In the following interview, we got a rare chance to speak with Jones over the phone from his studio in Oxfordshire, England.

OLIVER KUPPER: You once said in an interview that you wanted to kick over the idea that figurative art wasn’t tough. What do you think made you such a rebel?

ALLEN JONES: Well I don’t think I was a rebel at all of course. I mean one was carrying what’s a grand tradition in art with a very long history to it. I wouldn’t use the word rebel and I doubt anyone I’m close with would either. In terms of the climate of the avant-garde art scene, I suppose when I was a young man, abstraction was really the way forward. That led into colorful painting and minimalism and so on. At that time, you actually were going against the grain to try and find ways of still dealing with the figure.

KUPPER: Sure.

JONES: The problem was that around the same time we’re talking about, with the advent of abstract expressionism, the traditional configuration had run out of steam - hit the buffers. There was no formal invention in the work. So I suppose I was part of a generation that sort of had to find a new language, a new way of presenting the figure.
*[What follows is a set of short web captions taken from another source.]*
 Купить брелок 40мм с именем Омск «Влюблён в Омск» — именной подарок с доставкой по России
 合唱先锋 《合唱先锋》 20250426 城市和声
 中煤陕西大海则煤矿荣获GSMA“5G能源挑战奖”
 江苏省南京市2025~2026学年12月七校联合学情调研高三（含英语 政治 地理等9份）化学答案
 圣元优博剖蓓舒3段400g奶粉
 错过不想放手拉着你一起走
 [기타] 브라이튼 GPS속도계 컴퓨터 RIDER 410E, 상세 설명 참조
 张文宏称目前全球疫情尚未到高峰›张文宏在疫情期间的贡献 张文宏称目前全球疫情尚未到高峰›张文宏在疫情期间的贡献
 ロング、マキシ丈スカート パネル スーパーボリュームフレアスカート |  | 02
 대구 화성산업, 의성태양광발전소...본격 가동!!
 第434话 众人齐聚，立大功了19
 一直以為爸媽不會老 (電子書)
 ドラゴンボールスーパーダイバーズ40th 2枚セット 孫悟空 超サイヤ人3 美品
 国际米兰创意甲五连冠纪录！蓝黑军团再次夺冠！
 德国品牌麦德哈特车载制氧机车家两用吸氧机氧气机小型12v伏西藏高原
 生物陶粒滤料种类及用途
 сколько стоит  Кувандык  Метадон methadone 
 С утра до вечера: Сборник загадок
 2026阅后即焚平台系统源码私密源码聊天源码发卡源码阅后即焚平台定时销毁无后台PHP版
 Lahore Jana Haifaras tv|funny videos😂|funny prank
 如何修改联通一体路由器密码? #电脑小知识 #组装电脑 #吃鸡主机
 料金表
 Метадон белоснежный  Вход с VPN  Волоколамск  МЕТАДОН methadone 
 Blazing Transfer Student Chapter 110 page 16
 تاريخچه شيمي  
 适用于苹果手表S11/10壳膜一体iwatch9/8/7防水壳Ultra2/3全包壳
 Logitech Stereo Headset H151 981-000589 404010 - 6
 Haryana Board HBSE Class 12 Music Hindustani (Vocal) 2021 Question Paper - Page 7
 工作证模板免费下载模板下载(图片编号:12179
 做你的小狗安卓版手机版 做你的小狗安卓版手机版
Pop art in a way certainly did that.

KUPPER: I mean there’s something rebellious about pop art, but it was more a turning of the tides in a way.

JONES: You were still coming out of the post war period, certainly as far as living in Europe and London was concerned. So after the austerity of the immediate post war decade, the time you got into the 60s, suddenly people were more upbeat and things were opening out. The future did look promising.

KUPPER: Yeah, I mean it was the beginning of the sexual revolution, there was a sort of explosion of creativity.

JONES: Correct, that’s right. It’s a very different world today. The media of course has changed - communication and how you can do things. For young artists today the technology available is so wide spread that it doesn’t surprise me that not so many people seem to be drawing and painting, because in comparison it’s rather hard work!

KUPPER: What was your reaction to the pop art scene in New York versus the scene in London?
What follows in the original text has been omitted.